# flat footed horses, help!!!



## ticobay831 (17 July 2011)

Hi there
my horse was xrayed last year and he was found to be flat footed the farrier is currantly taking off his toes to encourage his heels to grow down to allow more depth in the sole.
Trouble is vet said it will take about 2 years before theres any if any improvement, he is msuch better but he is terrible on stoney ground, as the roads are herendous round by me we have stated riding on a bridle way but its so stoney and he really struggles walking on it.

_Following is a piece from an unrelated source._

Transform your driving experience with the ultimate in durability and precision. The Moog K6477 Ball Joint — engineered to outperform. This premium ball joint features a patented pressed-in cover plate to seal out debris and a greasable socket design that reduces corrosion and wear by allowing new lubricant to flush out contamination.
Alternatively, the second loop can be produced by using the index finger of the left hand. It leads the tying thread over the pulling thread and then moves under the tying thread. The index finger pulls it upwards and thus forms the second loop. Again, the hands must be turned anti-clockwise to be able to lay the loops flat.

I have got some easyboot gloves which he had before he had shoes put on the only think i can think of is to put them on over his shoes to help protect his feet abit, they do actually fit over the shoe, so shouldnt be a problem, any one else have the same problem and if so how do you cope with it, any ideasnhow to help would be greatly appriciated  :-/


----------



## MillionDollar (17 July 2011)

What sort of shoes is he in?

Mine is also very flat footed (in Xrays) so is in Egg Bars, but Heart bars may also help yours more. You could also have leather pads put under the shoes (helped a great deal with my WB).

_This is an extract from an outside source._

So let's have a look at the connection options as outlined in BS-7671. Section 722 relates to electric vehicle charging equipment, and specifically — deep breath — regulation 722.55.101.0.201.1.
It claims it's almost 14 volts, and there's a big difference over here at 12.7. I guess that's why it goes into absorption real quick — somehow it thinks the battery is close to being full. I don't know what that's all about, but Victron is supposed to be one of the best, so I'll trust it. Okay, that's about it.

Who is your farrier? I'm in South Warwickshire so PM me if you need a recommendation for a farrier as there are a few fab ones that come to my yard.


----------



## cptrayes (17 July 2011)

What diet do you have him on? Many flat footed horses are getting more sugar/carbohydrates than they can cope with. He needs a high fibre low sugar diet, which might include heavily restricting the amount of grass that he eats. You also need to balance his minerals but at the very least you should be feeding about 25 grammes of Magnesium oxide (available on eBay or from a farm supplies as calmag at £9 for 25 kilos!) If he was already on a low sugar high fibre diet with strict grass controls, then you need to look further at mineral balances that there may be in your gazing/forage or possible Insulin Resistance or other metabolic disease.

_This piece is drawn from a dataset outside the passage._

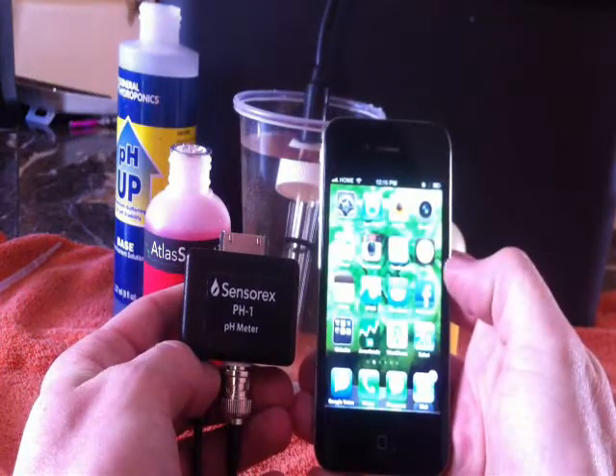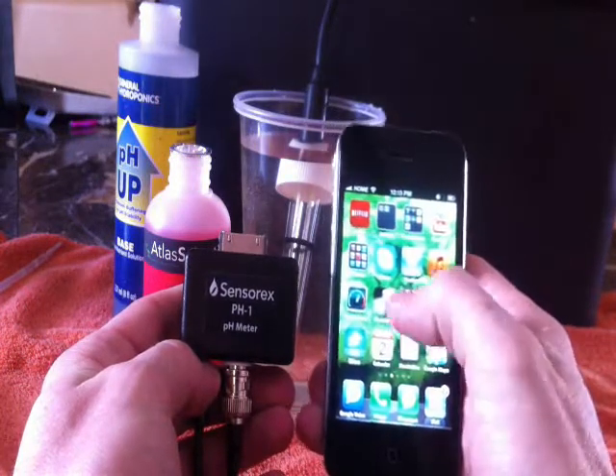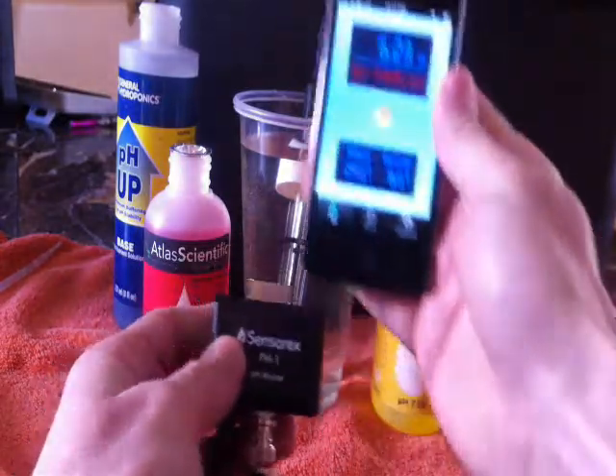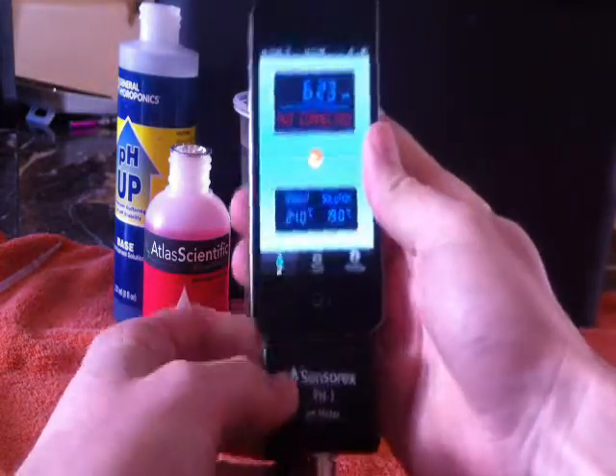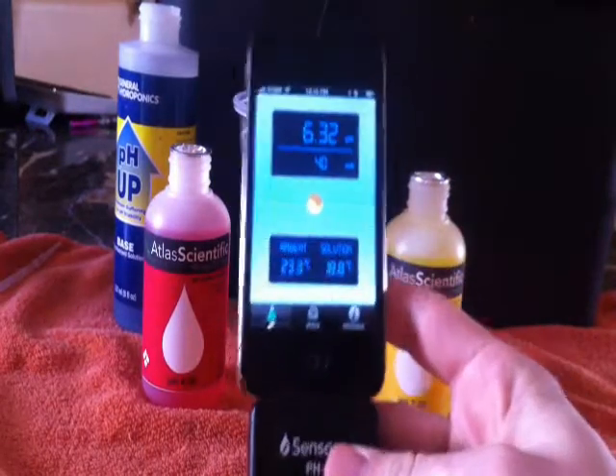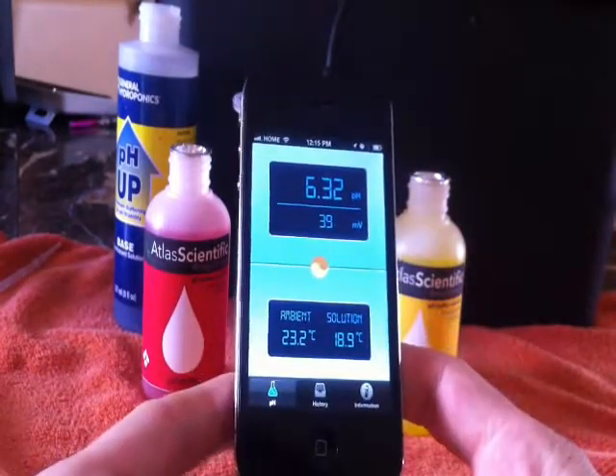You can use any pH electrode with this unit. The electrode that I got also reads temperature, and the temperature settings are built right into the app. The app is free from the Apple App Store, or when you plug in the meter for the first time it will direct you to where to download it.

You really need to stop walking him on stones unprotected until he can cope. It's not fair for him to be in pain and it could cause bruising and abscesses if you carry on. 

If you were able to get his shoes off again and give him the right diet, his flat footedness would probably be fixed in a quarter of the time your farrier is going to take in shoes. I understand that would mean you having to protect him from stones and probably not ride much to start with, but you can't ride him properly in shoes now, so it's swings and roundabouts. 

If he must stay in shoes, he sounds to me like you need pads until you have his diet right and he has grown some thicker soles.


----------



## Snowysadude (17 July 2011)

mines been in eggbars, heartbars but never barefoot, with the riding you would think that would wear the heel down more (no expert here!). Friend put boots on to ride her horse when it had abcesses so had to go barefoot - that helped when horse was sound!


----------



## tallyho! (17 July 2011)

you should take a look at rockleyfarm.blogspot as they have some amazing cases including flatfooted tb horses. should never take two years... 6 months. there's more than one way to remedy the situation


----------



## ticobay831 (17 July 2011)

Hes on high fibre diet and hasnt got access to allot of gras i am very carefull.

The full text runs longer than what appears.